I don’t know where the test should go :)

@Eh2406
Copy link
Contributor Author

Eh2406 commented Jul 7, 2018

Responding to every point but out of order:

let’s start the sequence of -/_ as specified in Cargo.toml. That is, change the meaning of bit to flipped/non-flipped, rather then minus/underscore.

I really like this!

Exponential search is a bit troubling ...

let’s make he search bounded just in case, by checking if there are fewer than, say, 5 bits.

This is currently a panic attempted to shift with overflow, so a hard cap is better. This works well with your previous suggestion we brute force only the first N items after that it is up to you to get it right.

It might be prudent to add support for canonicalization when reading the index, that is, try to search for all underscores version first.

Sadly, I don't think this is compatible with your other suggestions.

I also worry that this might make project accidentally unbildable by older cargos.

So far this has not added the ability for Cargo.toml to be wrong, so I don't think we have to worry yet. A warning on build and an error on publish is probably a good strategy. When we get there.

@bors
Copy link
Collaborator

bors commented Jul 8, 2018

☔ The latest upstream changes (presumably #5694) made this pull request unmergeable. Please resolve the merge conflicts.

@alexcrichton
Copy link
Member

I'm a little worried about a patch like this in the sense that it can affect Cargo's startup performance (as I'm sure you're well aware by this point!). This needs to be executed every time Cargo starts up to re-resolve the lock file, and if Cargo's always trying tons of permutations of underscores and whatnot then Cargo may run the risk of spending a large amount of time reading files that don't exist before it finds the right one.

Now this is solved if the index itself is canonicalized, but that breaks older versions of Cargo (boo!). I'm not sure of a great way to solve this for now...

Perhaps though in the meantime we could strike a balance? Cargo could provide a better error message along the lines of "Failed to find crate foo-bar, but did you mean foo_bar?" That way we may be able to get most of the benefit without many of the perf consequences?

@Eh2406
Copy link
Contributor Author

Eh2406 commented Jul 9, 2018

I agree to the core of all your points, but let me respond to sum details.

Thanks to @matklad this now starts with the name passed in before continuing the search. So as long as we are not searching for mis-hyphenated names there will be no performance change. Currently, eavan with this pr, we do not allow mis-hyphenated names in ether Cargo.toml nor Cargo.lock. So I don't think this change on its own is a problem.
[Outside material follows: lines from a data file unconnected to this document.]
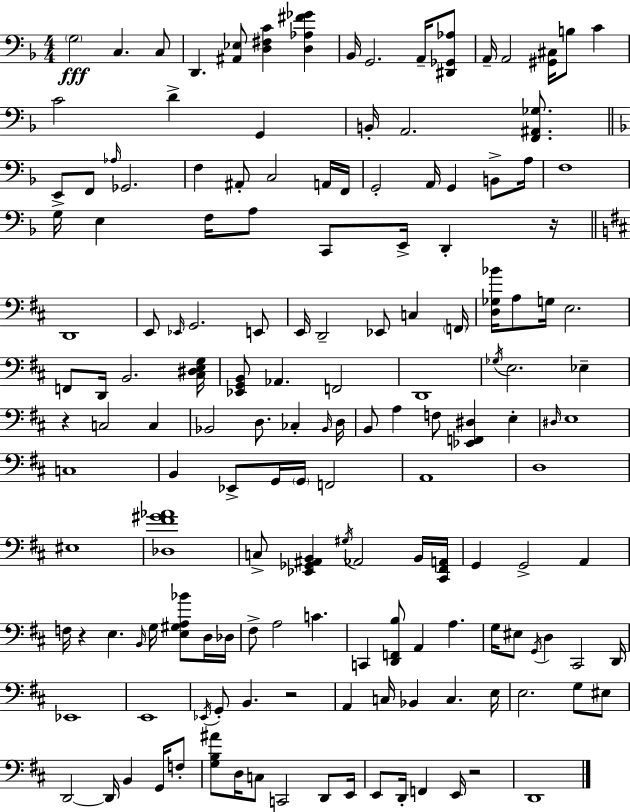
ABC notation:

X:1
T:Untitled
M:4/4
L:1/4
K:F
G,2 C, C,/2 D,, [^A,,_E,]/2 [D,^F,C] [D,_A,^F_G] _B,,/4 G,,2 A,,/4 [^D,,_G,,_A,]/2 A,,/4 A,,2 [^G,,^C,]/4 B,/2 C C2 D G,, B,,/4 A,,2 [F,,^A,,_G,]/2 E,,/2 F,,/2 _A,/4 _G,,2 F, ^A,,/2 C,2 A,,/4 F,,/4 G,,2 A,,/4 G,, B,,/2 A,/4 F,4 G,/4 E, F,/4 A,/2 C,,/2 E,,/4 D,, z/4 D,,4 E,,/2 _E,,/4 G,,2 E,,/2 E,,/4 D,,2 _E,,/2 C, F,,/4 [D,_G,_B]/4 A,/2 G,/4 E,2 F,,/2 D,,/4 B,,2 [^C,^D,E,G,]/4 [_E,,G,,B,,]/2 _A,, F,,2 D,,4 _G,/4 E,2 _E, z C,2 C, _B,,2 D,/2 _C, _B,,/4 D,/4 B,,/2 A, F,/2 [_E,,F,,^D,] E, ^D,/4 E,4 C,4 B,, _E,,/2 G,,/4 G,,/4 F,,2 A,,4 D,4 ^E,4 [_D,^F^G_A]4 C,/2 [_E,,_G,,^A,,B,,] ^G,/4 _A,,2 B,,/4 [^C,,^F,,A,,]/4 G,, G,,2 A,, F,/4 z E, B,,/4 G,/4 [E,^G,A,_B]/2 D,/4 _D,/4 ^F,/2 A,2 C C,, [D,,F,,B,]/2 A,, A, G,/4 ^E,/2 G,,/4 D, ^C,,2 D,,/4 _E,,4 E,,4 _E,,/4 G,,/2 B,, z2 A,, C,/4 _B,, C, E,/4 E,2 G,/2 ^E,/2 D,,2 D,,/4 B,, G,,/4 F,/2 [G,B,^A]/2 D,/4 C,/2 C,,2 D,,/2 E,,/4 E,,/2 D,,/4 F,, E,,/4 z2 D,,4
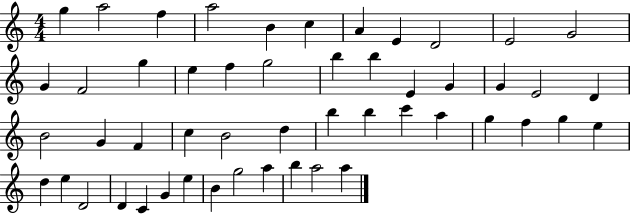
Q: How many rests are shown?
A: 0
As to the design space for extensions to this pr.
For backcompat reasons we should not allow mis-hyphenated names in the index nor in Cargo.toml of published crates. Nor is there any reason to use them in Cargo.lock. So most of the dependency tree should be searching from the correct hyphenation. The exception is in Cargo.tomls of local projects and path dependencies. Where we should ether build with a warning or error with a grate error message.

@Eh2406 Eh2406 changed the title [WIP] make index lookup robust to _ vs - Make index lookup robust to _ vs -, but don't let the user get it wrong. Jul 9, 2018
@Eh2406
Copy link
Contributor Author

Eh2406 commented Jul 9, 2018

btw, an alternative implementation would be to use glob::Glob as it is already in our dependencies.

@alexcrichton
Copy link
Member

@Eh2406 oh hm I may be misreading then! It looks like here you're allowed to check in (and publish) a crate with mis-hyphenated names, but if that's not the case then it sounds good to me!

And yeah I do think that we basically want to guide people towards correct-hyphenation in the sense that it'll make for the fastest lookups in the future as well

@Eh2406
Copy link
Contributor Author

Eh2406 commented Jul 9, 2018

You know the code a lot better than I, so let us make sure we have tests. Where should they go?

@alexcrichton
Copy link
Member

Hm probably in registry.rs, and probably a few tests for "assert a good error message comes out"?

@alexcrichton
Copy link
Member

Tests look good! So just to make sure I understand, something like this will be required to provide a better error message later on? (trying to catch up on the context of how we'll use this if we shift to primarily-better-error-messagse)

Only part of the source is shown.